INSTRUCTIONS TO FOLLOW:
The required output is the run of lines from the one holding "Villa in PASEO" through the final line of the listing, restated word for word, with no pictures.

SUPPLIED INFORMATION:
━━━━━━━━━━━━━━━━━━━━

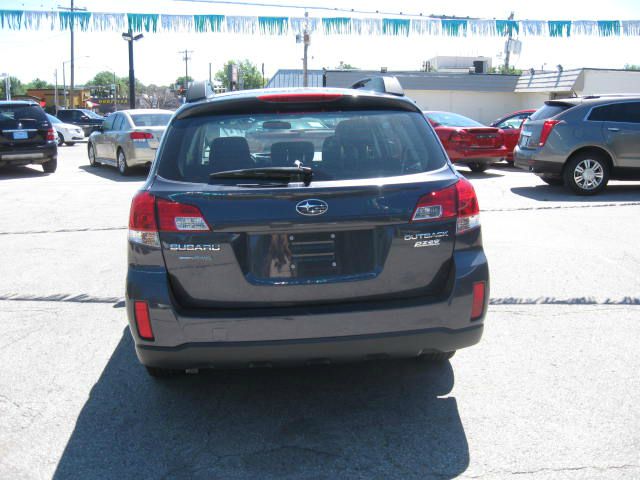 2011 Subaru Outback 2 Door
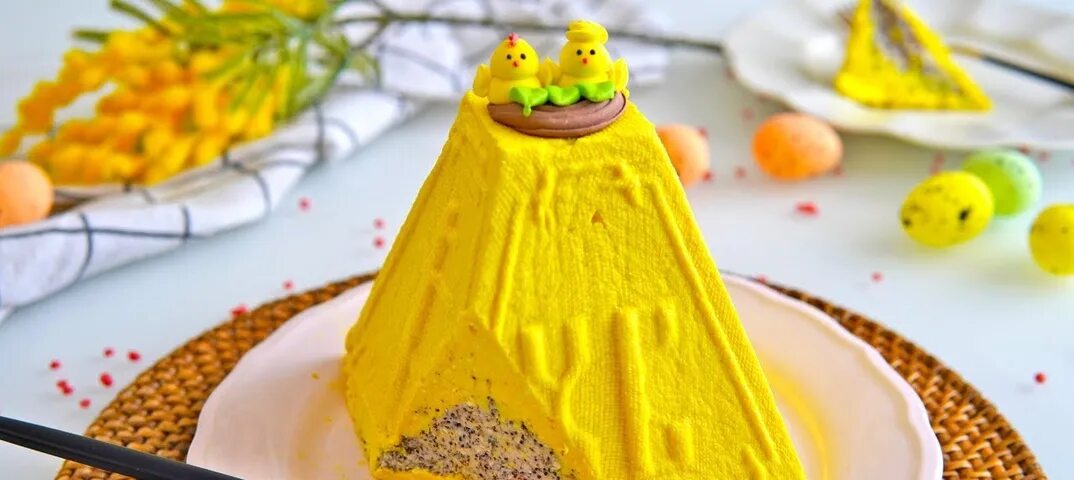 Лимонно маковый кулич. Кулич лимонный. Лимонно маковый кулич. Маковый кулич на пасху. Лимонно маковый кулич.
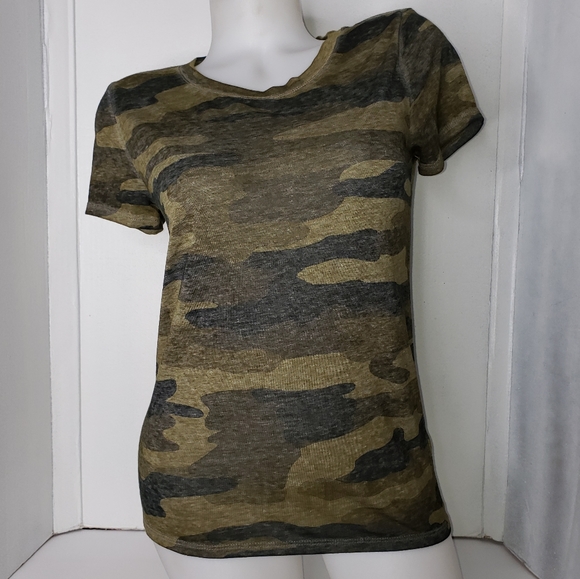 LUCKY BRAND SHORT SLEEVE CAMO T SHIRT SIZE XS - Picture 2 of 8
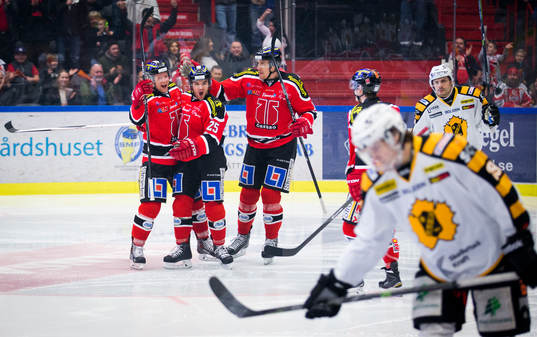 Örebros Johan Motin jublar med Martin Johansson och Marko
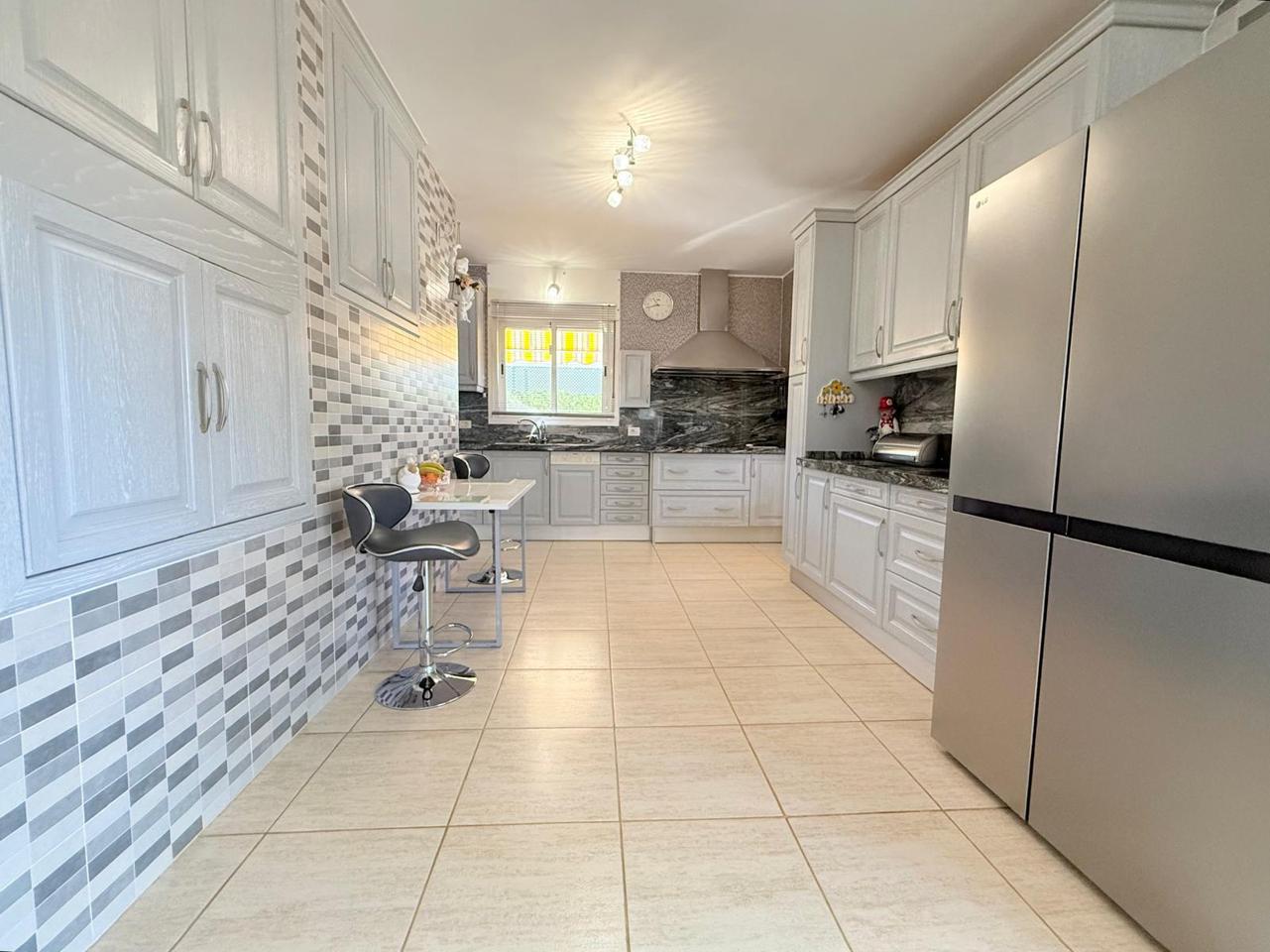 Villa in PASEO CORNISA, ARONA, Santa Cruz de Tenerife of 340 m2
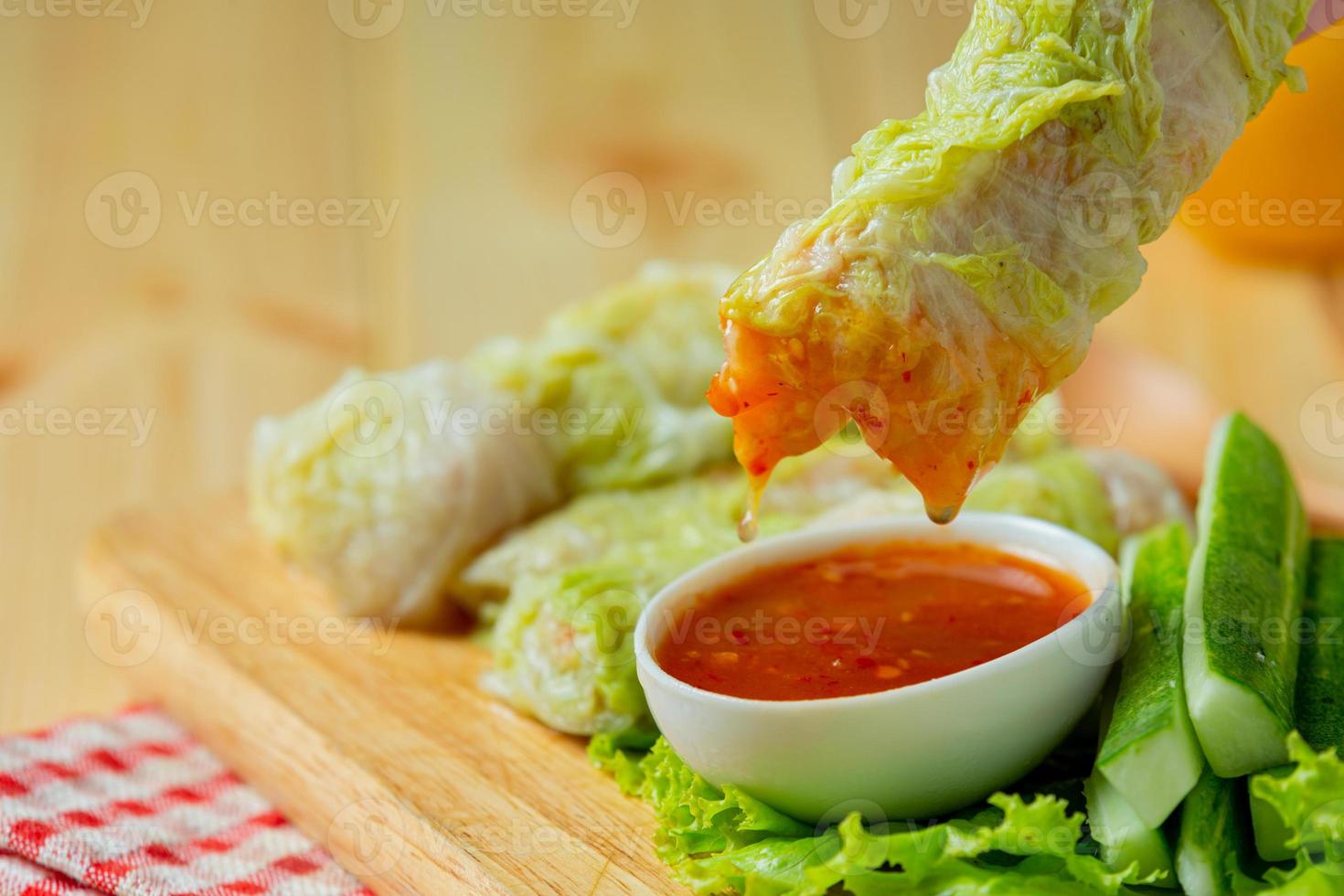 Kohl mit köstlicher Dip-Sauce, Suki-Rolle. foto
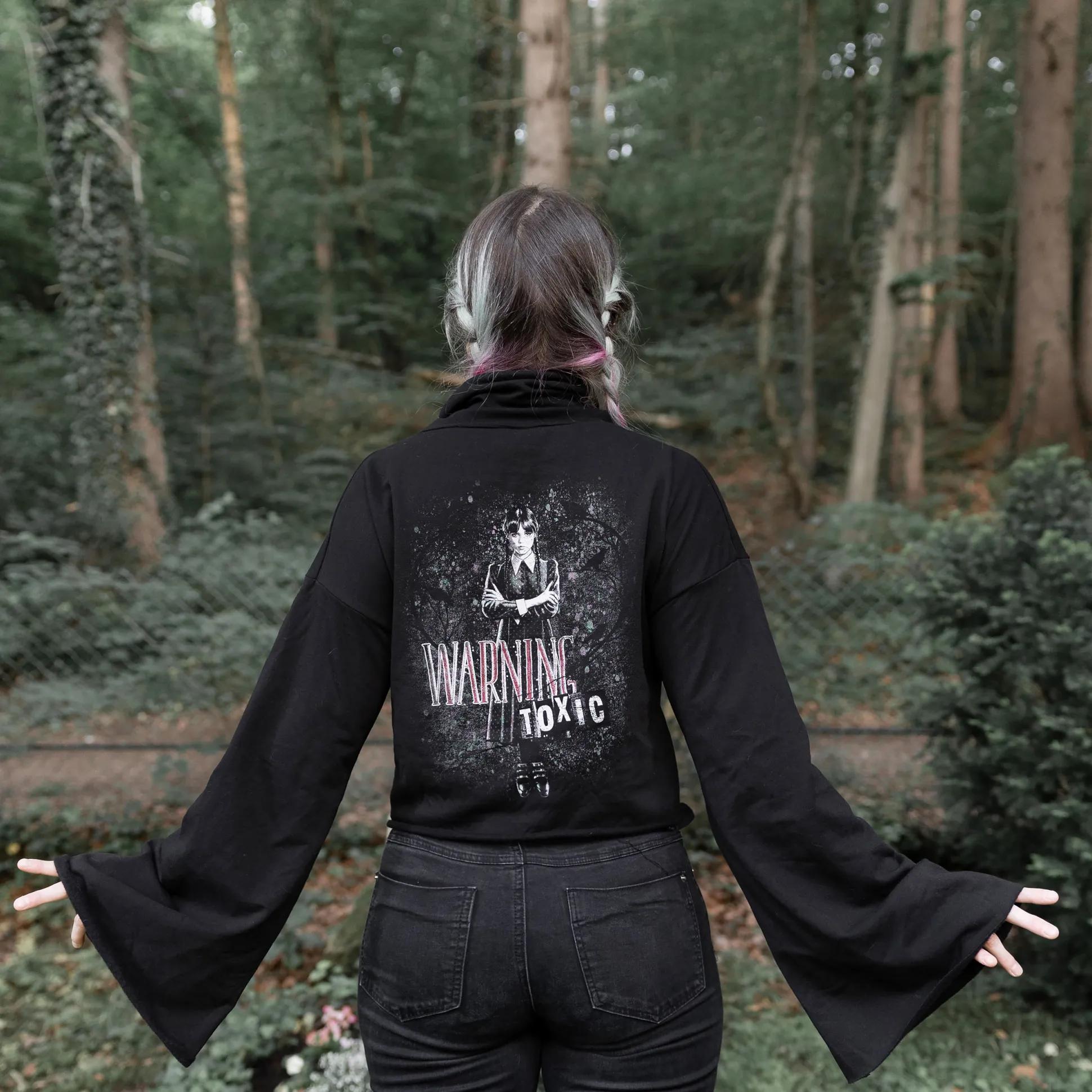 Woensdag - Giftige Crop Sweater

━━━━━━━━━━━━━━━━━━━━

COMPLETED EXERCISE:
 Villa in PASEO CORNISA, ARONA, Santa Cruz de Tenerife of 340 m2
 Kohl mit köstlicher Dip-Sauce, Suki-Rolle. foto
 Woensdag - Giftige Crop Sweater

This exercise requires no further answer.